Goldman Sachs Group Inc. has agreed to pay around $270 million to settle a lawsuit by investors who claimed the bank misled them about the safety of billions of dollars worth of residential mortgage-backed securities, two people familiar with the case said.
The agreement hasn’t been signed yet and is expected to be disclosed as soon as Monday, the people said, asking not to be identified because the discussions are private.
Pension funds led by NECA-IBEW Health & Welfare Fund of Illinois said the bank gave investors misleading information about the appraisals and credit quality of home loans underlying the securities. The prices soon collapsed amid the 2008 financial crisis, the investors said.

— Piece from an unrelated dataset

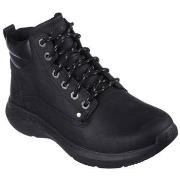 Saappaat Skechers  SAAPPAAT  PARSON-EDERIC  41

Andrew Williams, a spokesman for Goldman Sachs, declined to comment. Goldman Sachs said this month that it’s put aside $1.45 billion in the second quarter for mortgage-related litigation and regulatory matters.
The suit is among the last of a string of investor class actions against banks stemming from the credit crisis of those years, precipitated by the failure of investment bank Lehman Brothers Holdings Inc. They have unfolded alongside multibillion-dollar penalties extracted from the banks by U.S. authorities as well. Goldman Sachs agreed to buy back almost $3.2 billion in mortgage bonds from Fannie Mae and Freddie Mac last year to settle a suit by the Federal Housing Finance Agency.
JPMorgan Chase & Co. this month agreed to pay $388 million to settle a similar MBS class action. Robbins Geller Rudman & Dowd LLP represented investors in both that matter and the Goldman Sachs case.
The pension fund case is NECA-IBEW Health & Welfare Fund v. Goldman Sachs & Co., 08-cv-10783, U.S. District Court, Southern District of New York (Manhattan).